У генерала был толстый, детский кулачок; он сжал его и, как в перчатке с подкладкой, похлопал им по доске своего письменного стола как бы в подтверждение необходимости сильного кулака. Как офицер он обладал мировоззрением! Иррациональный остаток такового назывался честью, дисциплиной, верховным главнокомандующим, воинским уставом, часть III, и как итог всего перечисленного состоял в убеждении, что война есть не что иное, как продолжение мира более сильными средствами, энергичная разновидность порядка, без которой человечество уже не может выжить. Жест, каким генерал похлопал по столу, был бы немного смешон, если бы кулак означал лишь что-то атлетическое, а не что-то еще и духовное, некое необходимое дополнение к духовности. Штумму фон Бордверу немного уже надоела штатская жизнь. Он обнаружил, что библиотечные служители — единственные люди, у которых есть надежный общий взгляд на штатский ум. Он открыл тот парадокс избытка порядка, что совершенный порядок неизбежно повлек бы за собой бездеятельность. Он чувствовал что-то смешное в объяснении, почему в армии можно найти величайший порядок и одновременно готовность отдать жизнь. Он узнал, что в силу какой-то невыразимой связи порядок ведет к потребности в убийстве. Он озабоченно сказал себе, что нельзя ему продолжать работу в таком темпе. «И что это такое вообще — дух?! — спросил генерал, бунтуя. — Он же не бродит в полночь в белой рубахе; чем же ему быть, как не определенным порядком, который мы придаем своим впечатлениям и переживаниям?! Но тогда, — заключил он решительно, осчастливленный наитием, — если дух — это не что иное, как упорядоченный опыт, тогда он в мире, где есть порядок, вообще не нужен!»

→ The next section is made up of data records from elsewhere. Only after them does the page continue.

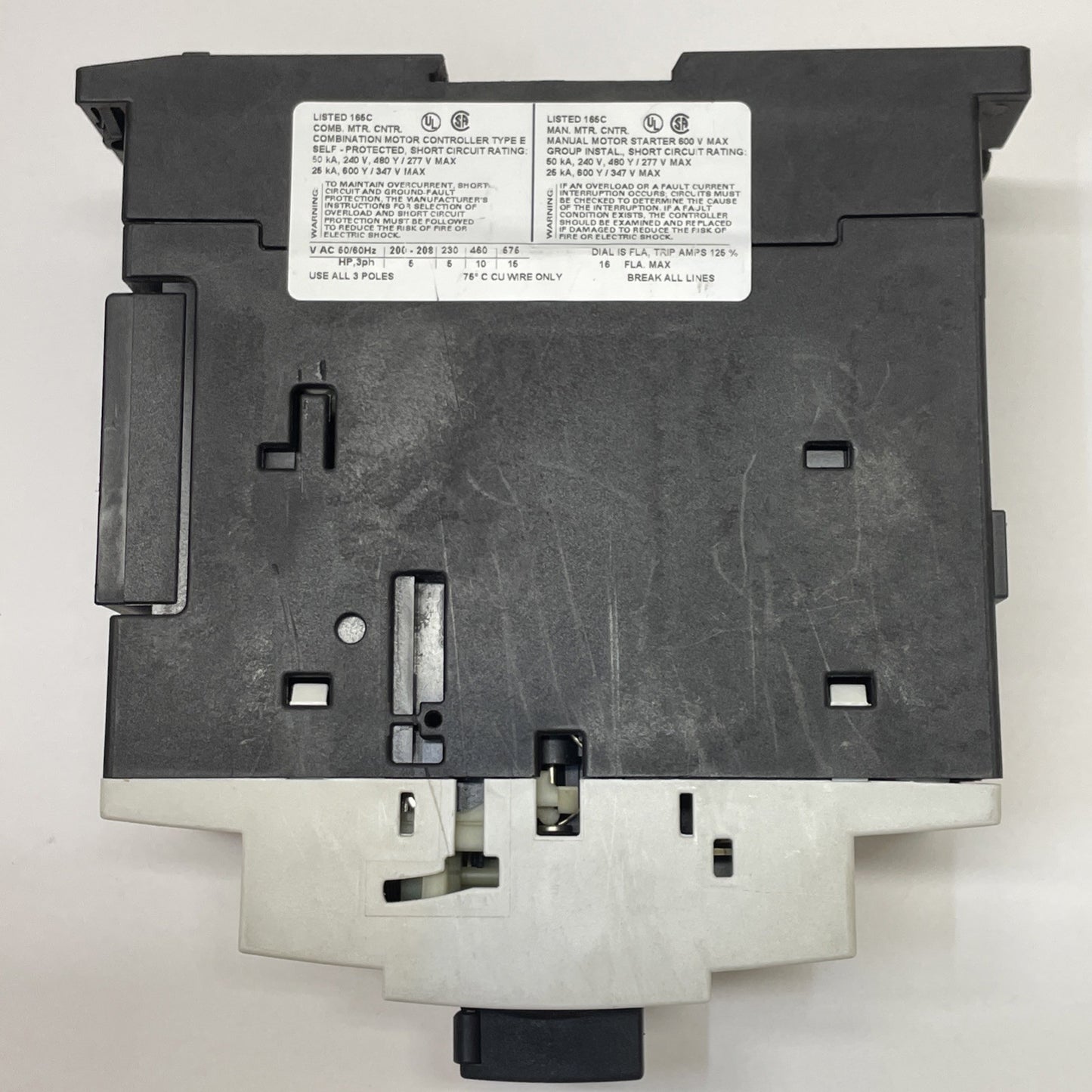 Siemens Sirius 3R Manual Combination Starter 3RV1031-4AA10 / 3RV10314AA10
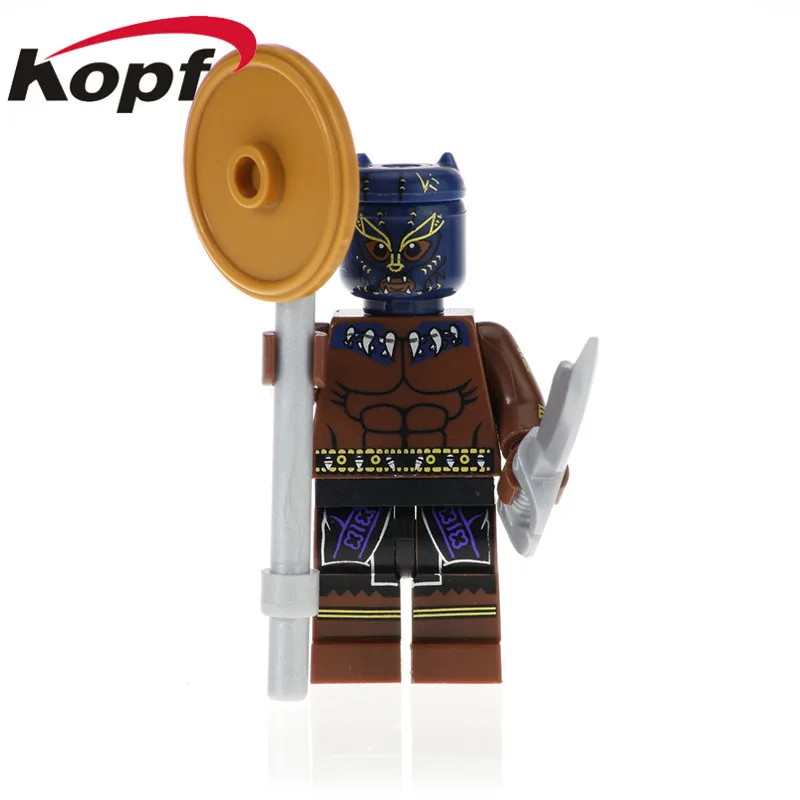 856 Without Box Одиночная супер героев строительные блоки Черная пантера M'baku Shuri Killmonger кирпичи Фигурки игрушки для детей XH 857 - Цвет: 856 Without Box
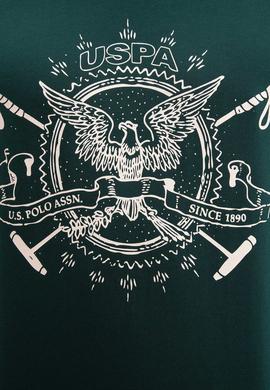 Erkek Koyu Yeşil Bisiklet Yaka Sweatshirt - 50208646018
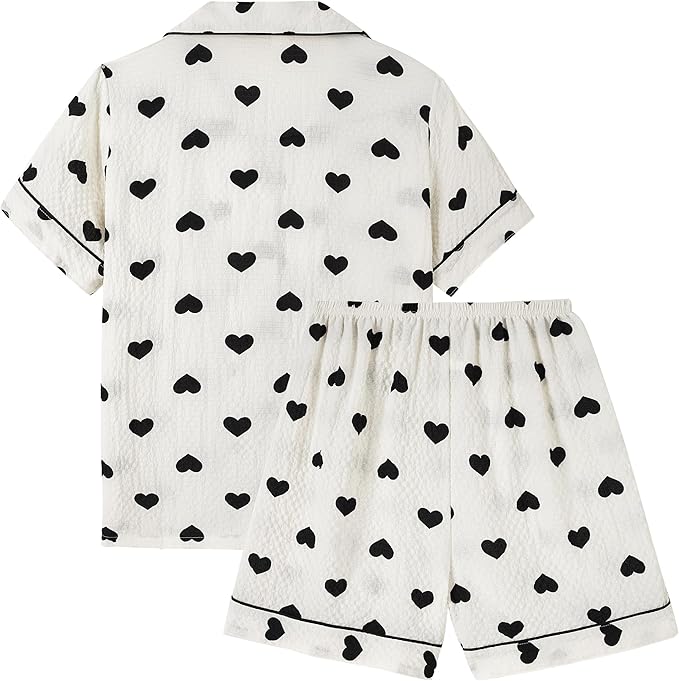 Shorts Pajama Set - Short Sleeve - 2 Piece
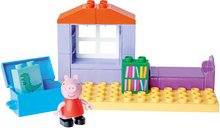 Joc de construit Peppa Pig Basic Set PlayBig Bloxx Big cu figurină în dormitor de la 1,5-5 ani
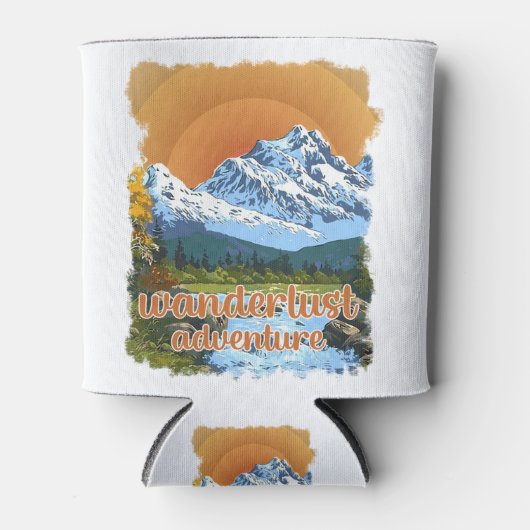 Wanderlust Adventure Vintage Travel style Blikjeskoeler (Voorkant)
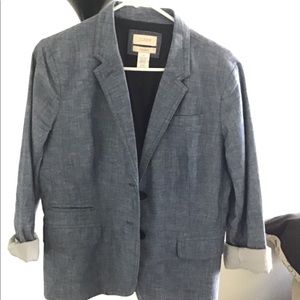 Chambray Boyfriend Blazer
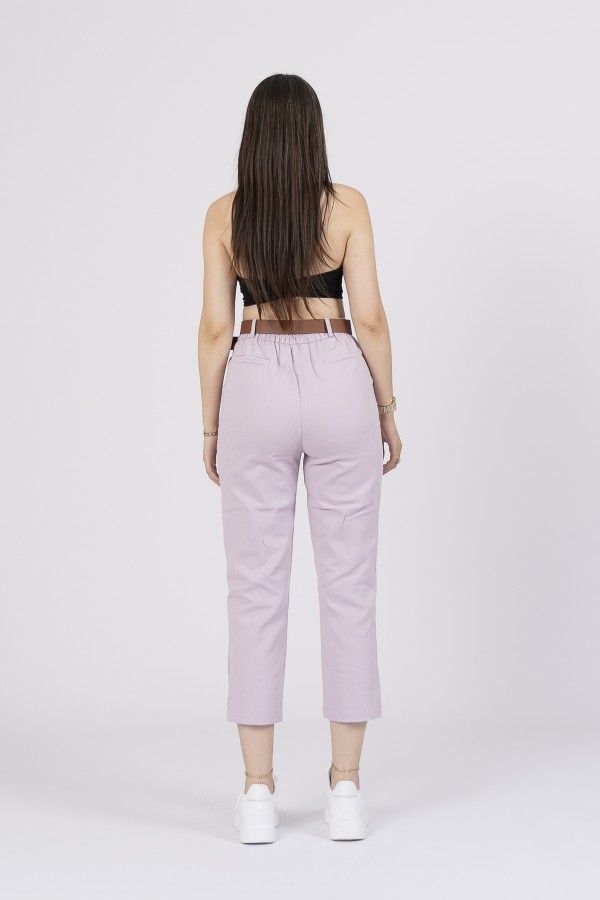 Kemerli Gabardin Kot Kumaş Kalem Denim Pantolon 3880 Kemerli Gabardin Kot Kumaş Kalem Denim Pantolon 3880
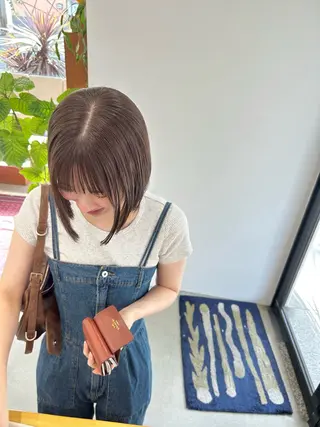 ショート カラー 藤原 あかりのヘアスタイル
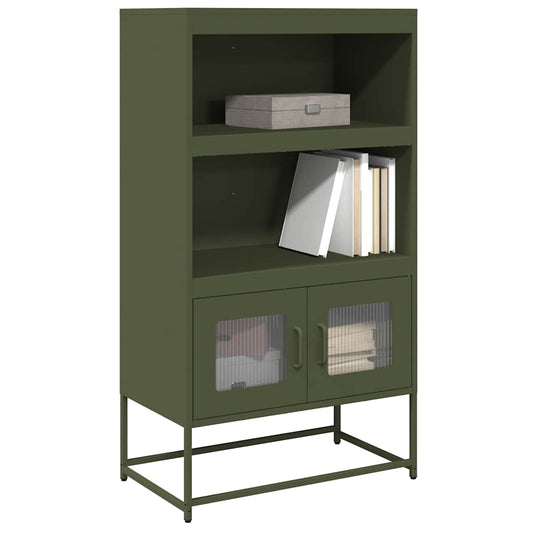 Hoge kast 68x39x123 cm staal olijfgroen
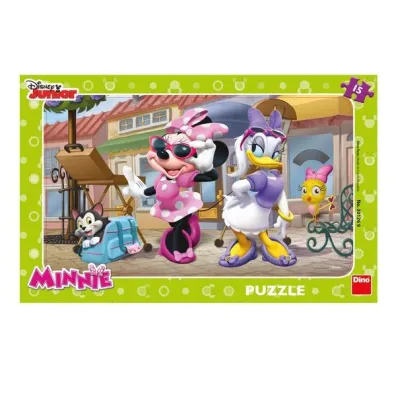 Puzzle ramkowe 15 el. Minnie na Montmartre Dino Toys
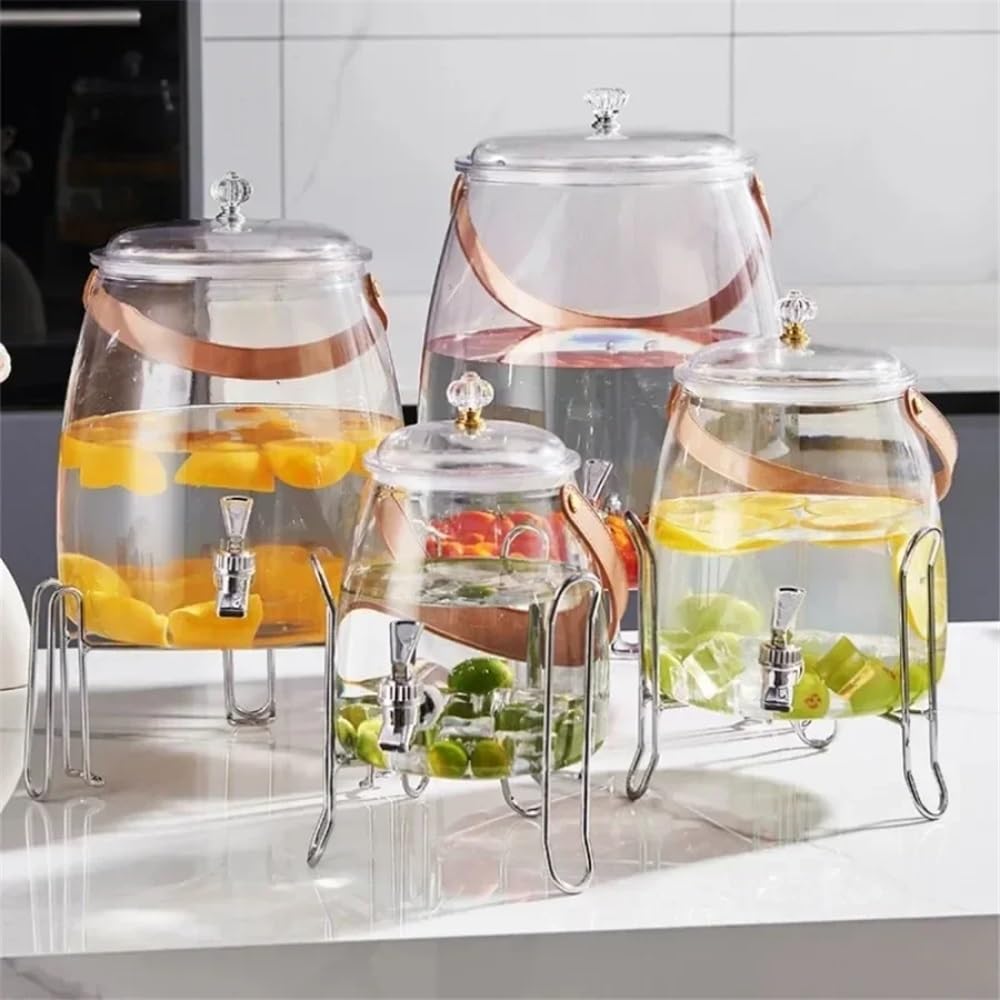 Large Capacity Water Pitcher with Lid for Hot & Cold Drinks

Облегченно вздохнув, Штумм фон Бордвер выключил красный свет, подошел к зеркалу и пригладил волосы, чтобы к приходу подчиненных устранить все следы душевной бури.
Если в Какании был кто-нибудь, кто ничего не смыслил в политике и знать о ней не хотел, то таким человеком была Бонадея; и все же существовала связь между нею и нераскрепощенными народами: Бонадея (не путать с Диотимой; Бонадея, благая богиня, богиня целомудрия, чей храм по воле судьбы стал ареной разврата, супруга председателя окружного суда или кого-то в этом роде и несчастная любовница человека, ее недостойного и недостаточно в ней нуждавшегося) обладала системой, а политика в Какании была ее лишена.